The Journal of Neuroscience : The Official Journal of the Society for Neuroscience (Impact Factor: 6.34). 05/2012; 32(21):7137-45. DOI: 10.1523/JNEUROSCI.0188-12.2012
Source: PubMed

ABSTRACT

Tau is a microtubule (MT)-stabilizing protein that is altered in Alzheimer's disease (AD) and other tauopathies. It is hypothesized that the hyperphosphorylated, conformationally altered, and multimeric forms of tau lead to a disruption of MT stability; however, direct evidence is lacking in vivo. In this study, an in vivo stable isotope-mass spectrometric technique was used to measure the turnover, or dynamicity, of MTs in brains of living animals. We demonstrated an age-dependent increase in MT dynamics in two different tau transgenic mouse models, 3xTg and rTg4510. MT hyperdynamicity was dependent on tau expression, since a reduction of transgene expression with doxycycline reversed the MT changes. Treatment of rTg4510 mice with the epothilone, BMS-241027, also restored MT dynamics to baseline levels. In addition, MT stabilization with BMS-241027 had beneficial effects on Morris water maze deficits, tau pathology, and neurodegeneration.
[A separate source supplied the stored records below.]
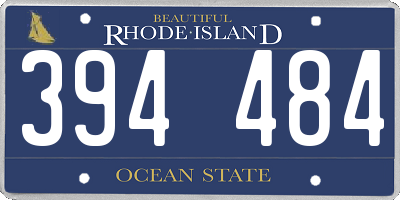 RI license plate 394484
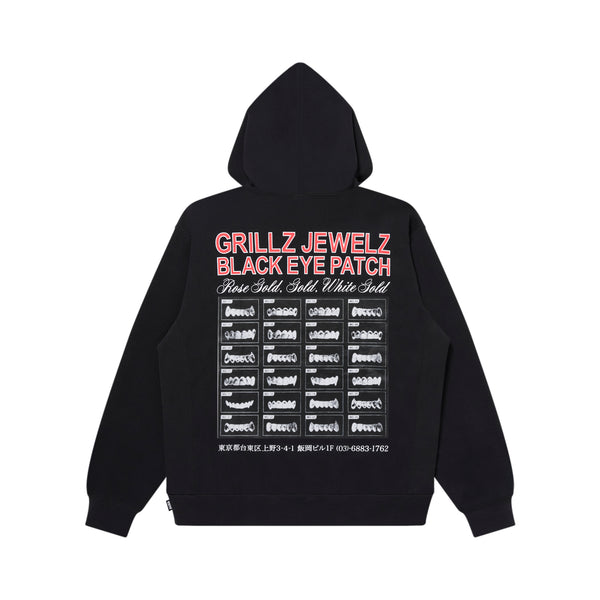 GRILLZ JEWELZ GOLDTEETH HOODIE BLACK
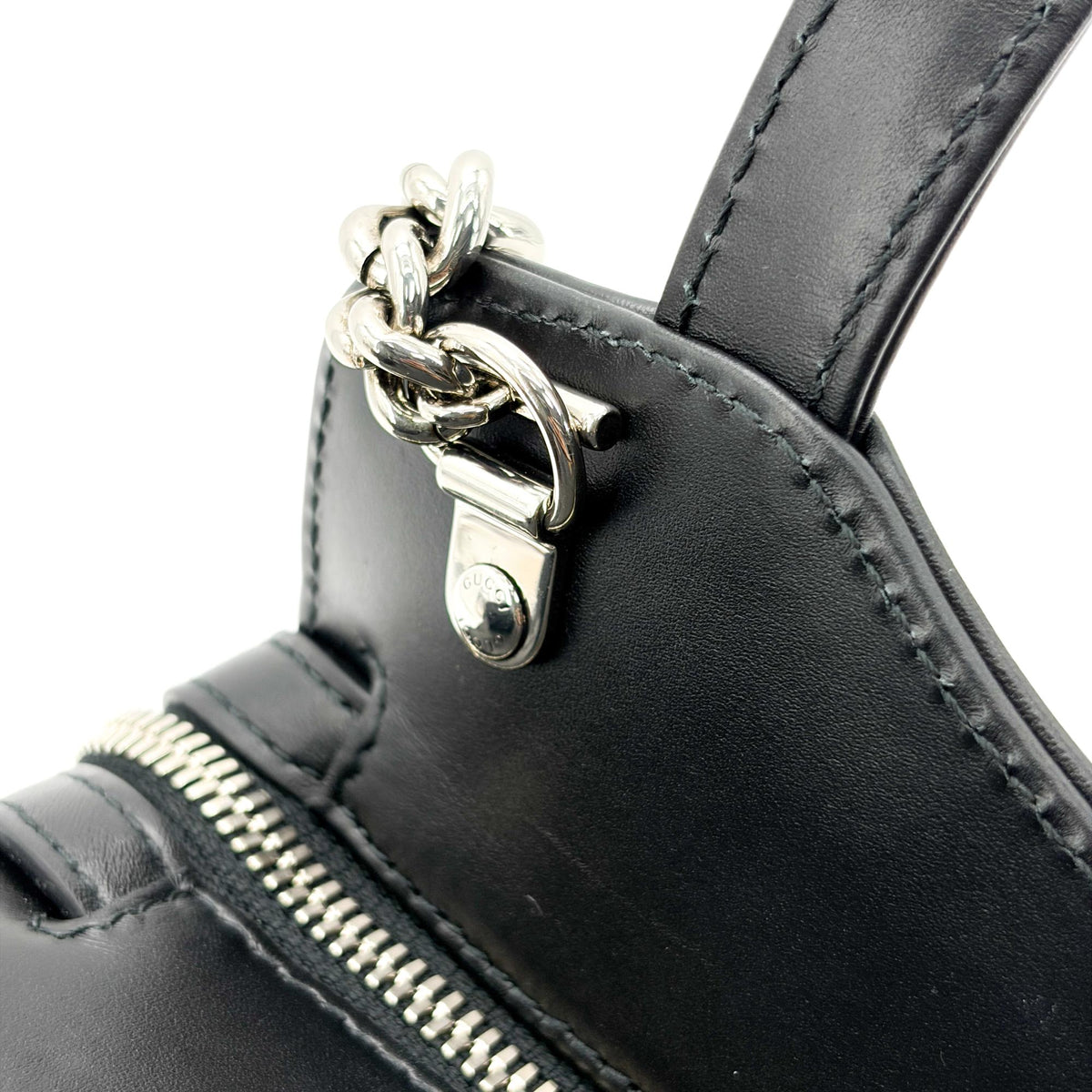 Gucci Petite GG Quilted Leather, Black, Leather, Tote Bag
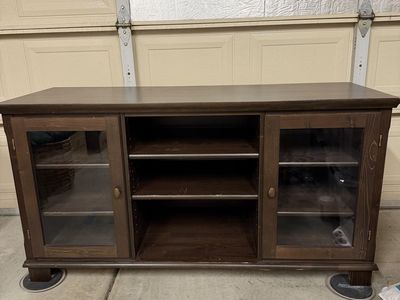 Dark Wood IKEA TV Stand Media Console with Glass Cabinet Doors and Open Shelving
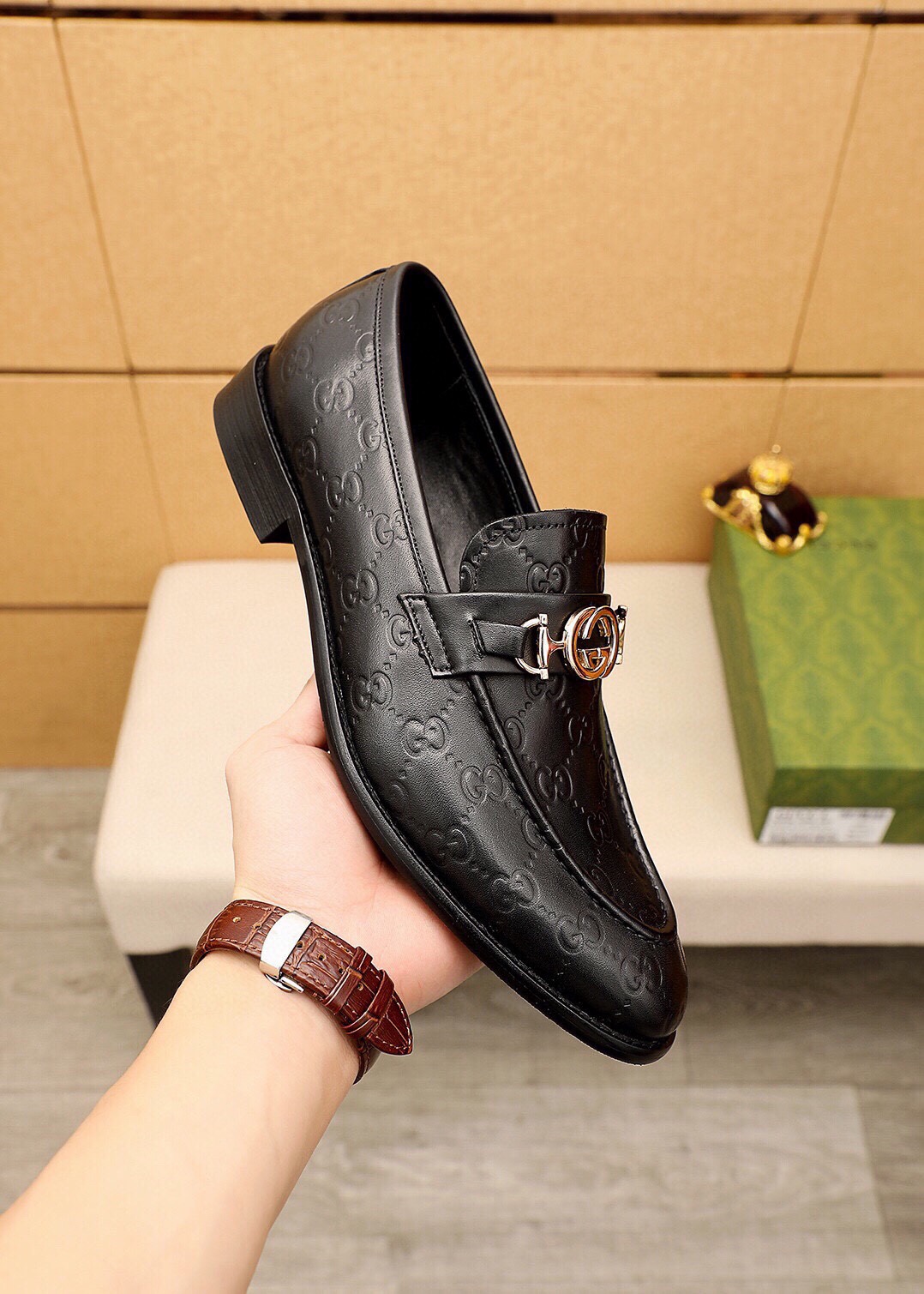 Gucci Men's Leather Loafers with Iconic GG Buckle - Sizes 39-44 Available 6 i1744862952 3884 4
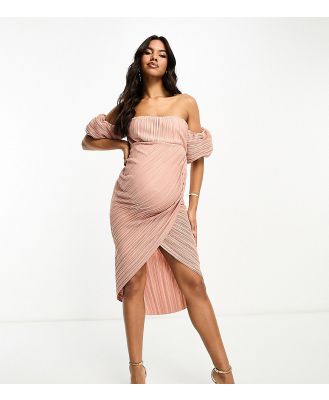 ASOS DESIGN Maternity off shoulder wrap plisse midi dress in soft pink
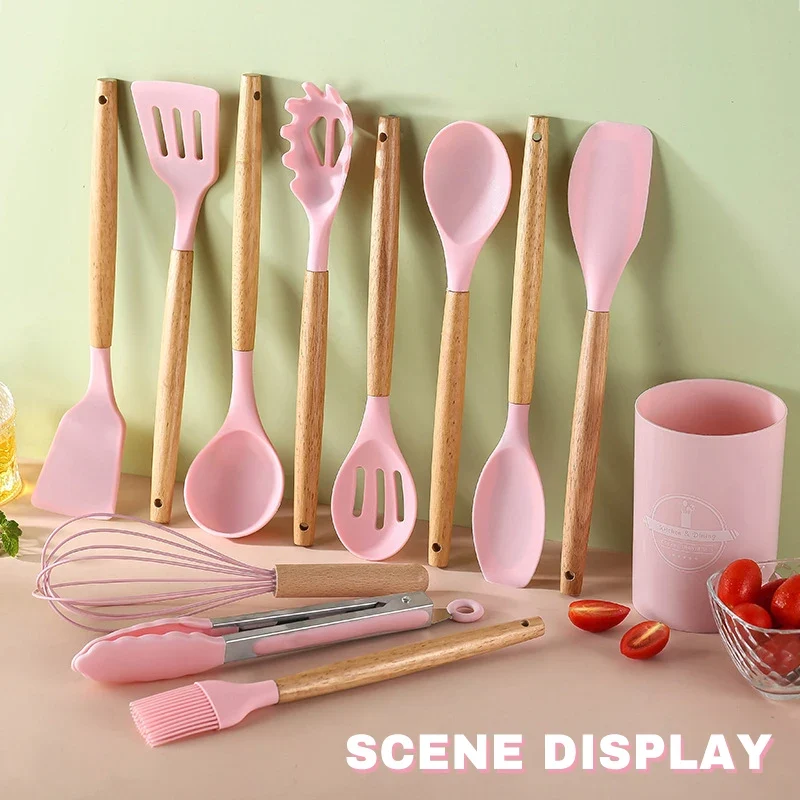 Silicone Cookware Set 12pcs Kitchen Utensil Wooden Handle Non-stick Spatula Shovel Spoon Kitchen Cooking Specialty Tools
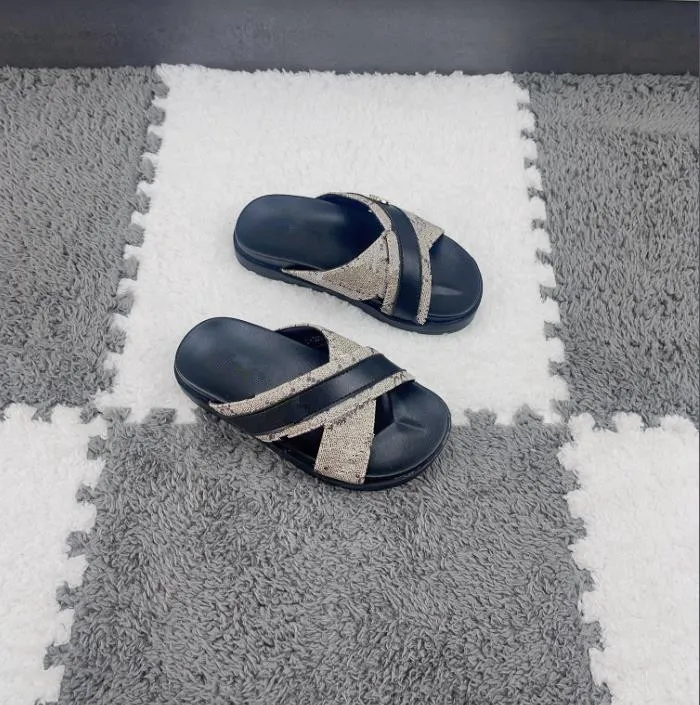 2024 Kids Baby Toddlers Designer Slipper Brand Summer Ribbon Splicing Flatform Sandals Size 26-35 Big Boys Kids Shoes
Interestingly, pathological and functional benefits of BMS-241027 were observed at doses that only partially reversed MT hyperdynamicity. Together, these data suggest that tau-mediated loss of MT stability may contribute to disease progression and that very low doses of BMS-241027 may be useful in the treatment of AD and other tauopathies.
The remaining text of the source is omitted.